====== INFORMATION SHOWN ======
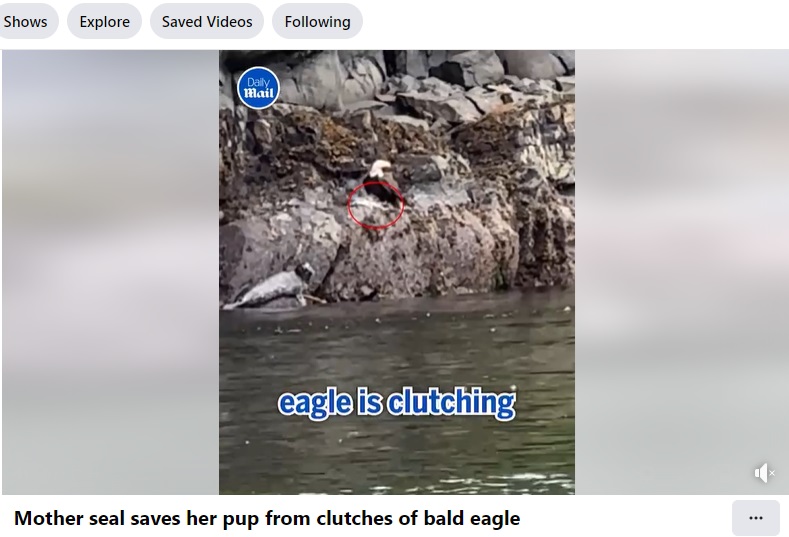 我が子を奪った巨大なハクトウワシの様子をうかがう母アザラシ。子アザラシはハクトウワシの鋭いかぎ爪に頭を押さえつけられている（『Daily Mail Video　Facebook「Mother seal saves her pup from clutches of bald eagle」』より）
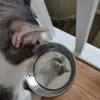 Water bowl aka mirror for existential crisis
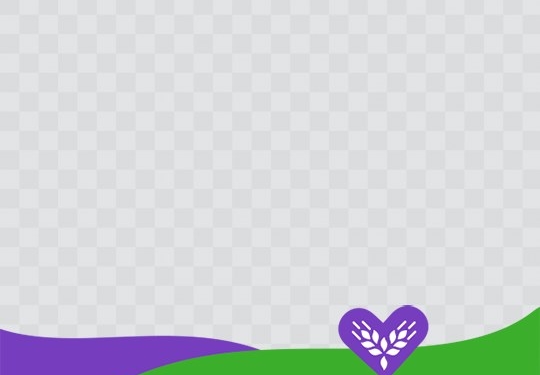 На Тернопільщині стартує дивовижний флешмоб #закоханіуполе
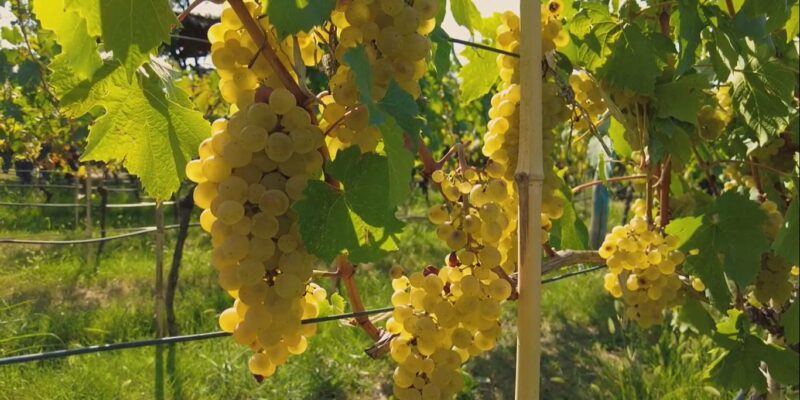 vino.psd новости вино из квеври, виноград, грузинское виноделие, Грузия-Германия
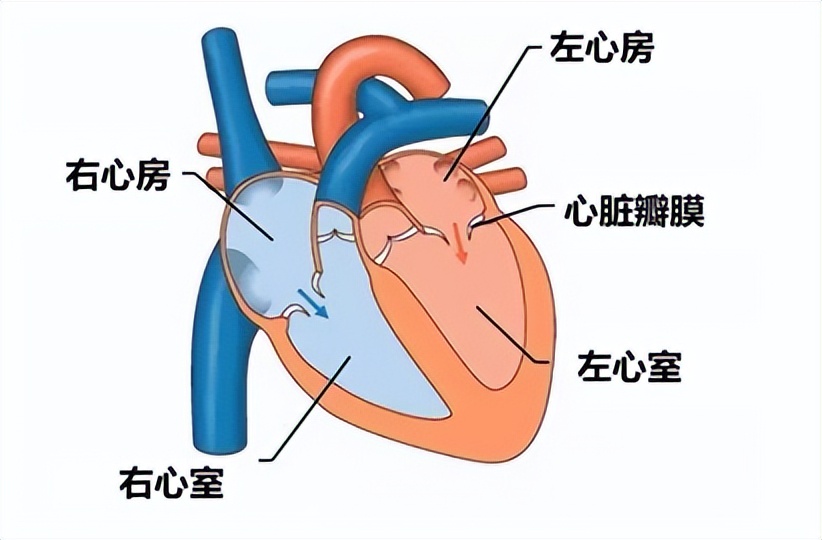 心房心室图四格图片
======
§ EXERCISE BRIEF
All lines from the line with "На Тернопільщині стартує" through the final line of the listing are to be printed exactly, both ends included; the pictures are not.

§ YOUR RESPONSE
 На Тернопільщині стартує дивовижний флешмоб #закоханіуполе
 vino.psd новости вино из квеври, виноград, грузинское виноделие, Грузия-Германия
 心房心室图四格图片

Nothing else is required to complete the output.